Öte yandan söz konusu radikal sağcı motivasyonlarla gerçekleştirilen eylemlerin karşı tepkileri olduğu kadar yandaş tepkileri de konsolide ettiği birçok kez deneyimlenmiştir.
Bu bakımdan Almanya’yı benzeri şiddet olaylarının beklemesi sürpriz olmayacak ve bu durum göçmenler arasında uzun bir süre daha tedirginliğe yol açacaktır.

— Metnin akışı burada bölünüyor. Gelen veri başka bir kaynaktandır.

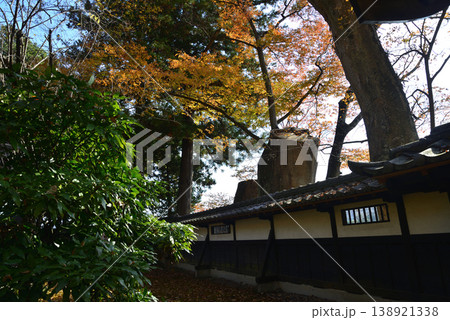 西念寺の紅葉 2025-11-16 #61 西念寺の紅葉 2025-11-16 #61 138921338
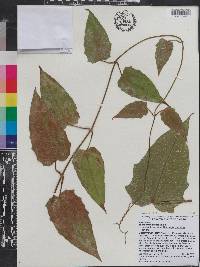 Thunbergia laurifolia image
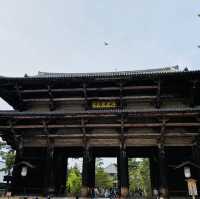 【奈良県🇯🇵東大寺】迫力が凄すぎた‼️見どころ満載の東大寺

(1)-(2) Aydın Enes Seydanlıoğlu Kurumsal ırkçılığın yeni sürümü: NSU 2.0 (https://www.star.com.tr/acik-gorus/kurumsal-irkciligin-yeni-surumu-nsu-20-haber-1432832/)
* Bu makalede yer alan fikirler yazara aittir ve Independent Türkçe’nin editöryal politikasını yansıtmayabilir.